By far the most used Chrome website blocker is the Block Site extension.
As of 2019, the Block Site extension has a 4.5 rating from a total of 22,930 users.
Of course, most people don’t bother to leave reviews about the products they are using, because those ~22,000 reviews were left from a grand total of 1,853,078 users. That’s close to the population of some countries in Europe.
Apart from being available for Google Chrome, Block Site is also available as an extension for Android and FireFox. iOS support is missing.
The main benefits as listed by the developers are increased focus and productivity. The extension allows you to use block lists which you can use to add whole domains or specific web pages to the URL blocker.
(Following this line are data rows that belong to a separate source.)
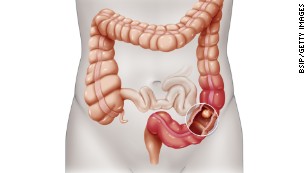 Colorectal cancer: What you need to know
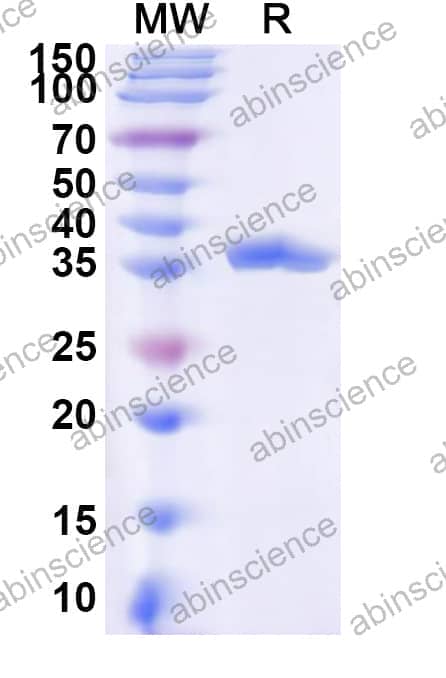 Human SLC6A9 Recombinant Protein (N-GST & C-His)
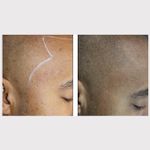Scalp micropigmentation for male balding – courtesy of the Dermatography Clinic #paramedicaltattooing #micropigmentation #restorativetattooing #camouflagetattoos #cosmetictattoos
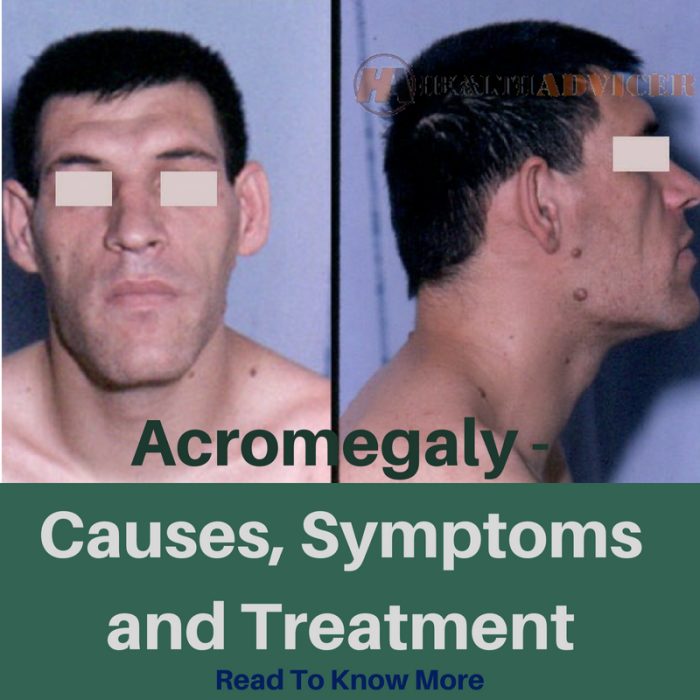 Acromegaly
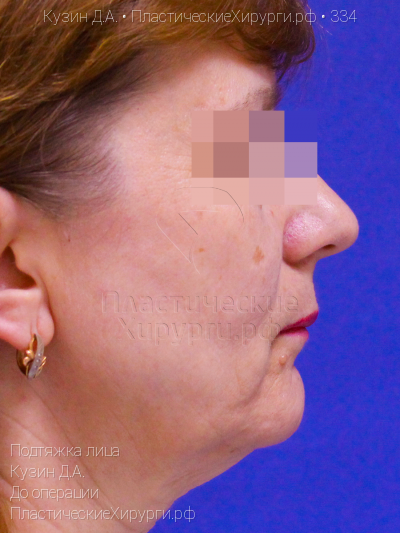подтяжка лица, пластический хирург Кузин Д. А., результат №334, ракурс 3, фото до операции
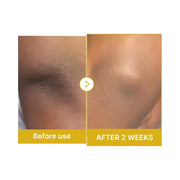 Medicube Kojic Acid Turmeric Body Peel Shot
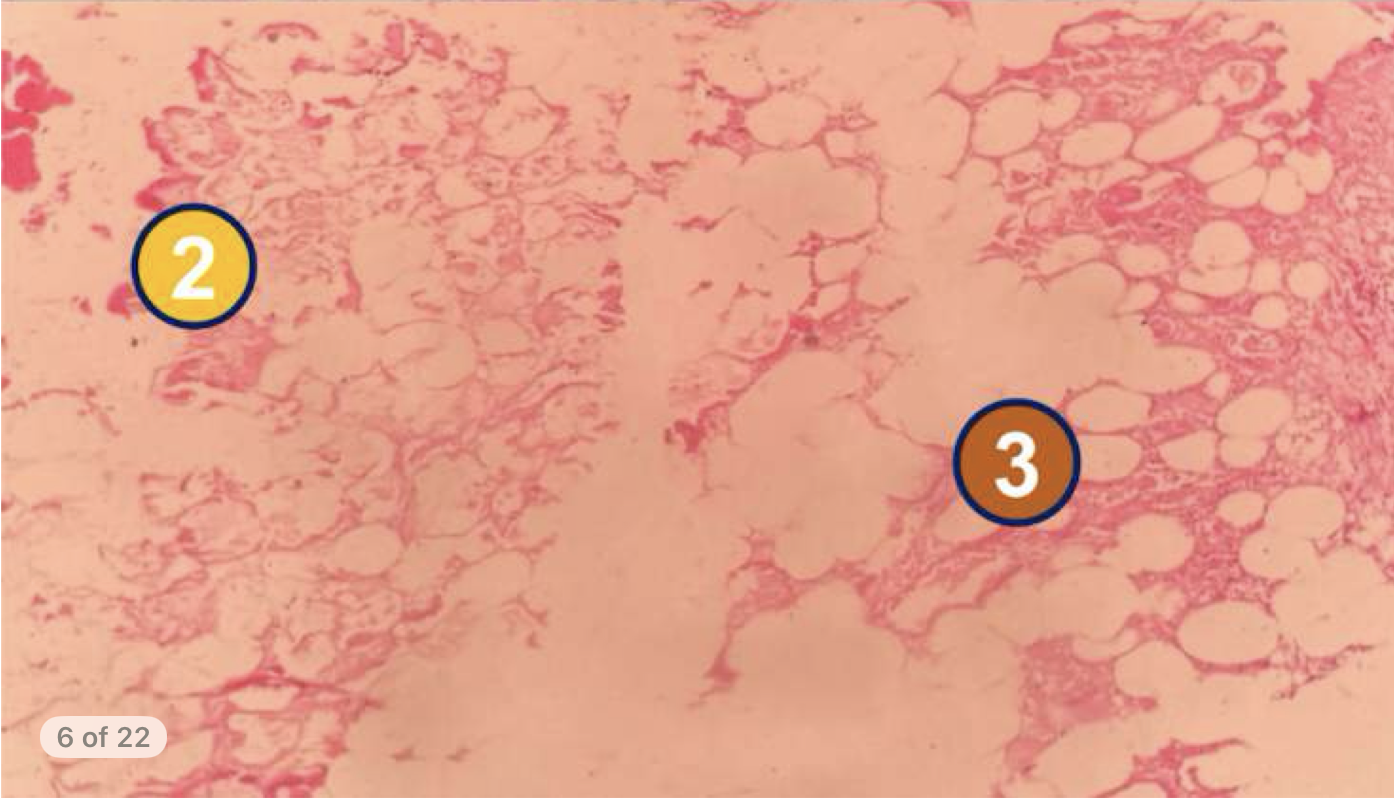 <p>diagnose and identify pointed structures</p>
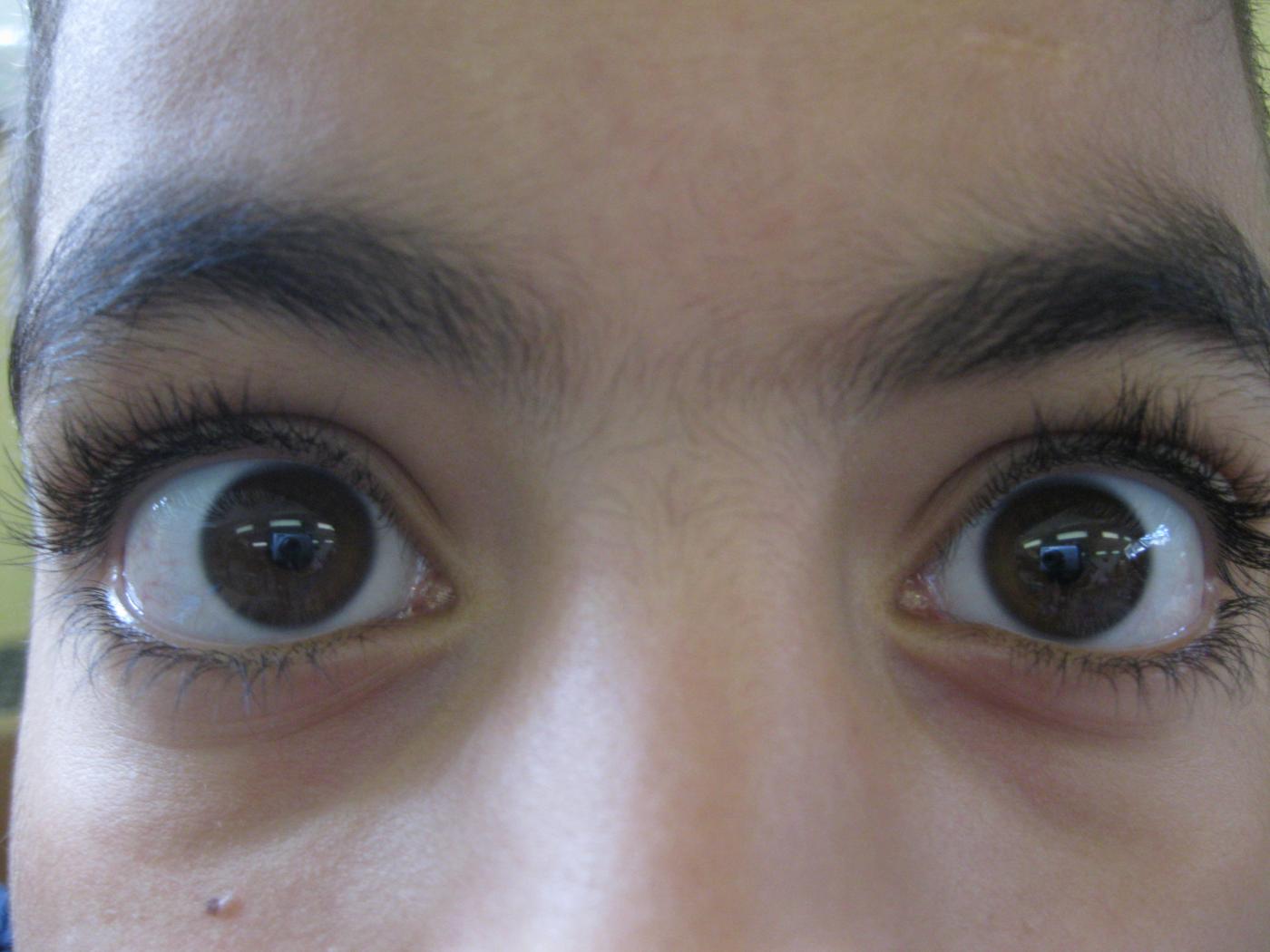 Ö.T. VS Zams 4. Klasse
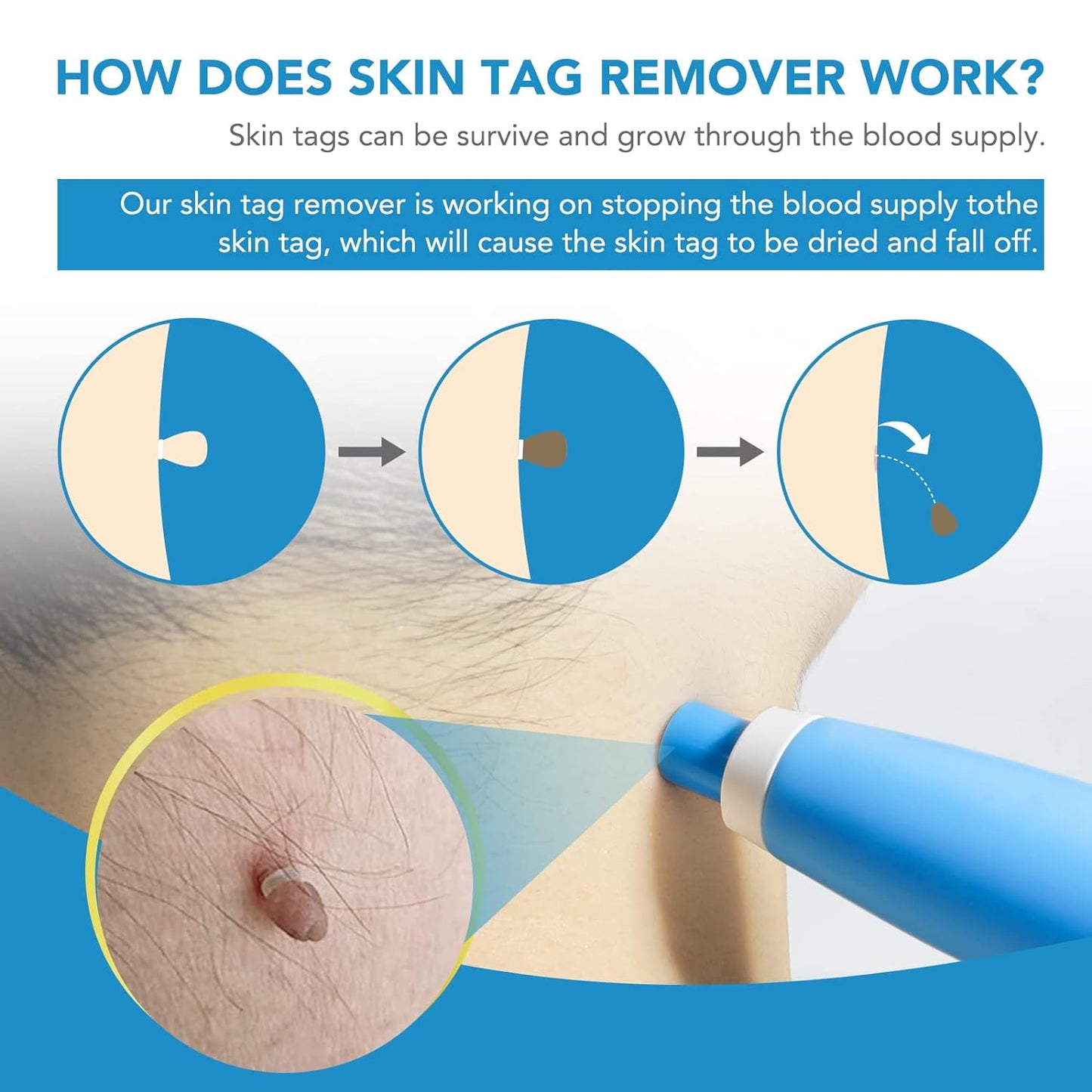 Wukusy Skin Tag Remover Kit 2-in-1 for micro to large skin tags, includes tools for safe removal of 2mm to 8mm skin tags.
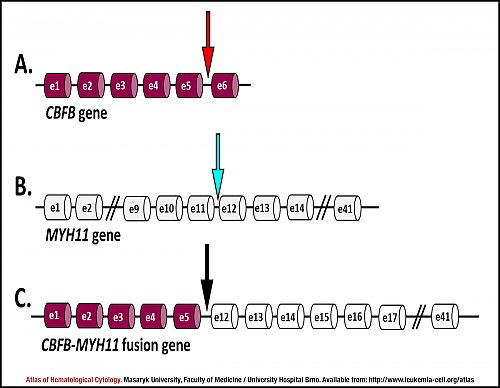 Schematic representation of ''CBFB'', ''MYH11'' and ''CBFB-MYH11'' (type A) genes
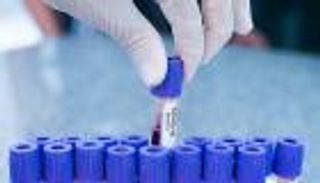 جيناتك تحدد مدى خطورة إصابتك بكورونا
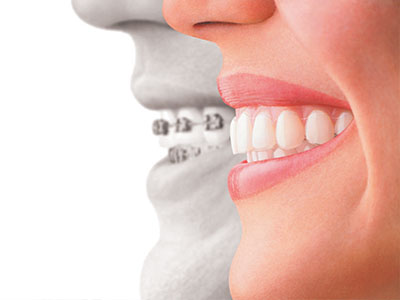 The image shows a side-by-side comparison of a person s face with their teeth and the same face without teeth, emphasizing the importance of dental health.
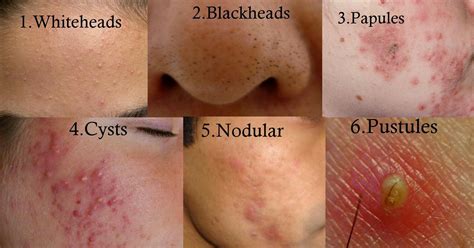 Types of Acne | Back acne treatment, Acne vulgaris, Diy acne treatment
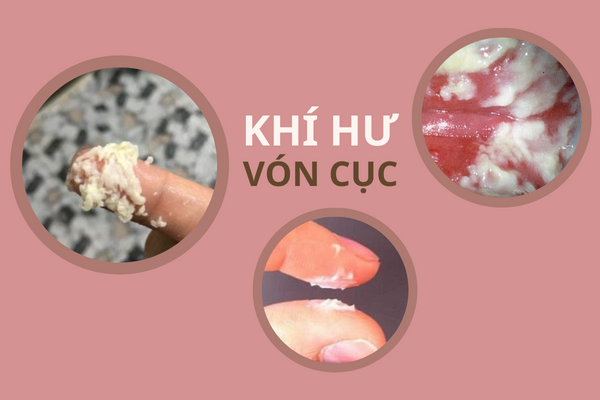 khi-hu-von-cuc-khong-hiem-gap-nhung-rat-nguy-hiem-1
Another novel feature is the ability to set a redirect which brings you to an alternative website than the one you intended to visit.
Imagine that – you are furiously trying to open Facebook, only to be redirected to a programming course on Udemy.
Career efficiency at its finest.
Anyway, additional features offered by the app is a work timer, which can also be configured to block distracting websites only at specific times. The app touts an ability to block adult sites as well, although a dedicated adult blocking solutions might be more useful for that scenario.
In comparison to the browser plugin, the Android Block Site app is a stand-alone application, meaning it can run outside the web browser. Running outside the browser means the Block Site url filter can be toggled to block URLs in Facebook, Instagram, Snapchat and all the other possibly naughty apps on your phone.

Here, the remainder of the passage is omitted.